Reporters Without Borders today reiterated its call to the Chinese authorities to quickly release journalist Shi Tao after his mother received the World Association of Newspapers’ Golden Pen award on his behalf at a ceremony yesterday in Cape Town (South Africa). The innocent victim of the continuing crackdown on those who defend the memory of the Tiananmen Square victims, Shi was convicted thanks to Yahoo!’s cooperation with the Chinese police.
"The Chinese authorities must quickly review the decision to impose a 10-year prison sentence on this journalist," Reporters Without Borders said. "Held in a forced-labour camp, Shi Tao is innocent. We appeal to the international community to redouble its efforts to obtain the release of Shi and the 80 other journalists and cyber-dissidents held in China."

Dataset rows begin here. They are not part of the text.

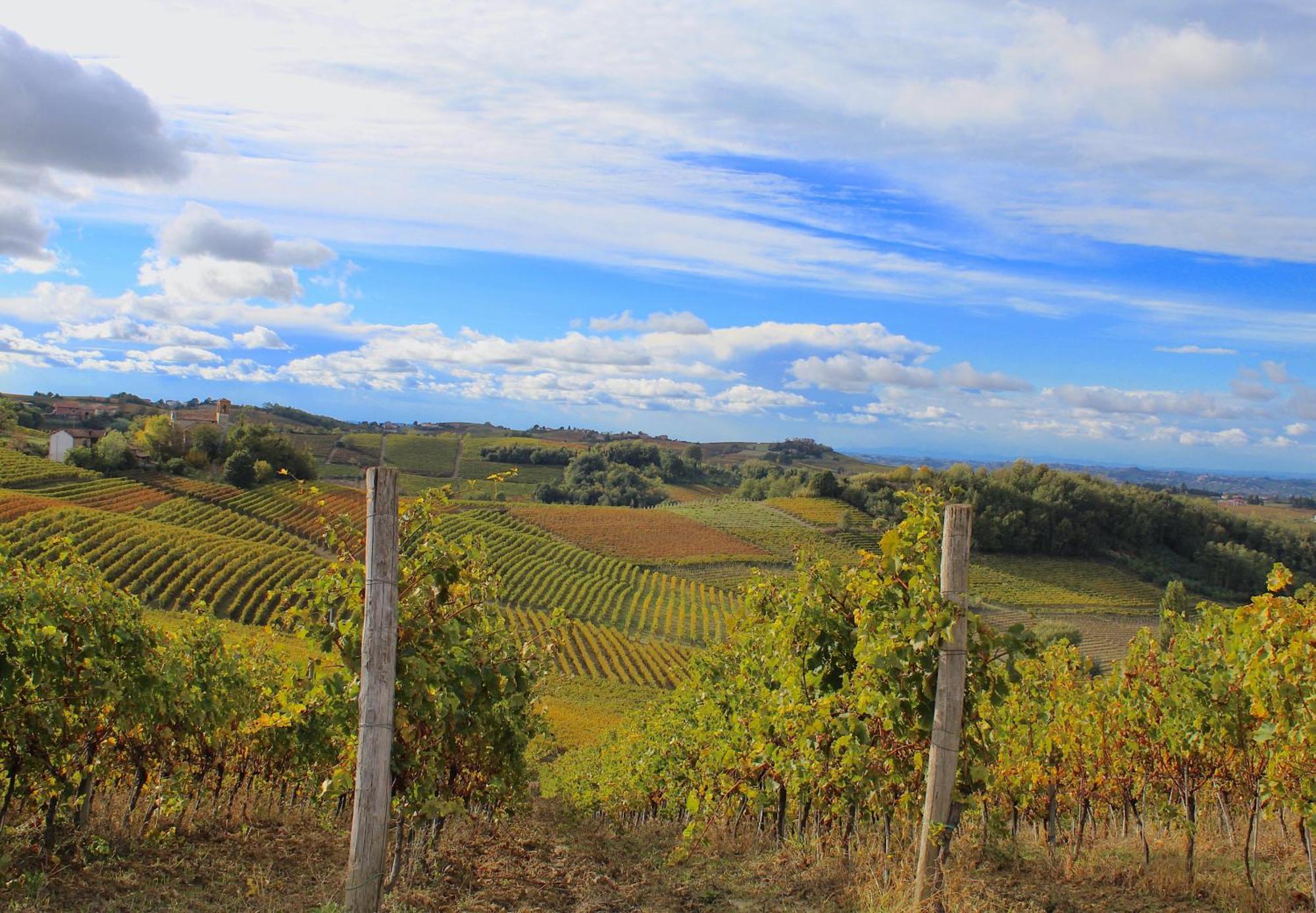 Amazing Langhe And Monferrato | House With Garden Villa Calamandrana Exterior photo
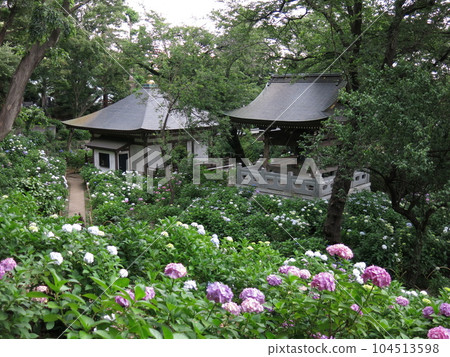 Myorakuji Temple in Tama Ward, Kawasaki City, where hydrangeas bloom (near the bell tower) 104513598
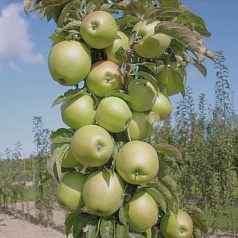 Яблоня колоновидная 'Икша'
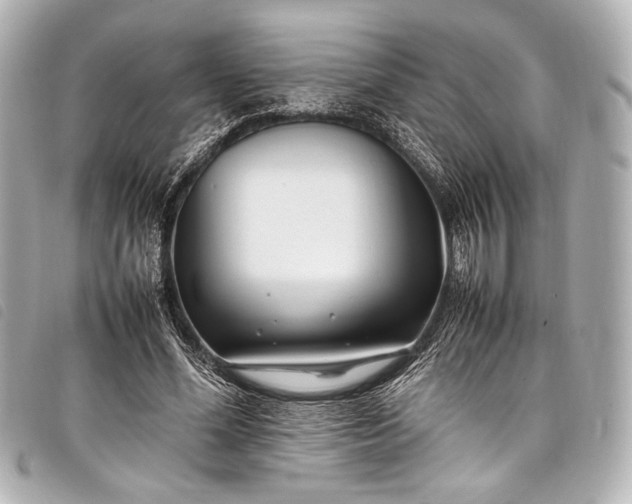 X0000098080588200804181201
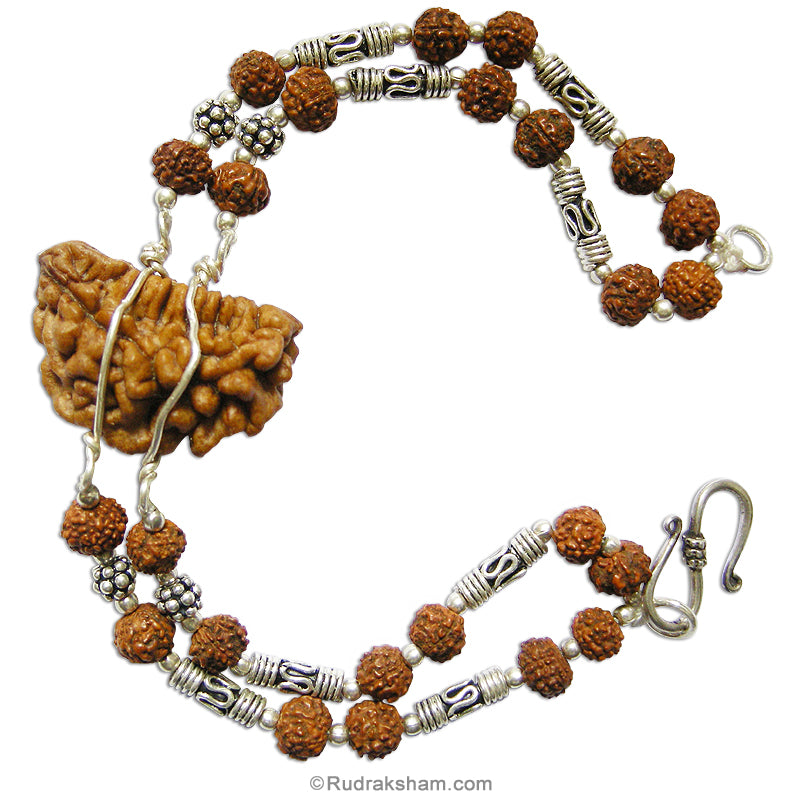 One Mukhi Rudraksha Double Bracelet in Silver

Shi’s mother, Gao Qinsheng, paid homage to her son at yesterday’s ceremony in the South African city of Cape Town, reading a poem he wrote a few weeks before his arrest to the memory of the victims of the Tiananmen Square massacre of June 1989. With tears in her eyes, she said: "He did what every courageous journalist must do." Her speech was warmly applauded by those present including President Thabo Mbeki.
My whole life
Will never get past "June"
June, when my heart died
When my poetry died
When my lover
Died in an abandoned pool of blood
June, the scorching sun burns open my skin
Revealing the true nature of my wound
June, the little fish swims out of the blood-red sea
Toward another place to hibernate
June, the earth shifts, the river falls silent
Piled up letters unable to be delivered to the dead
World Editors Forum president George Brock revealed during the ceremony that the government-backed Chinese Press Association had asked that the prize not be awarded to Shi on the grounds that he had been convicted according to the law.

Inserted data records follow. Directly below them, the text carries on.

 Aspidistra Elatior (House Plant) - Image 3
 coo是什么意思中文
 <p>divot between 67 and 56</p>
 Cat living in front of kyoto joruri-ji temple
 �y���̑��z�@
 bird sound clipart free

Shi was sentenced to 10 years in prison on 30 April 2005 for "illegally divulging state secrets abroad" because he gave a foreign-based website the text of a message about coverage of the anniversary of the Tiananmen Square massacre which the authorities had sent to his newspaper, Dangdai Shang Bao (Contemporary Business News). The court’s verdict indicated that Yahoo!’s Hong Kong subsidiary gave the Chinese police information that helped to convict him.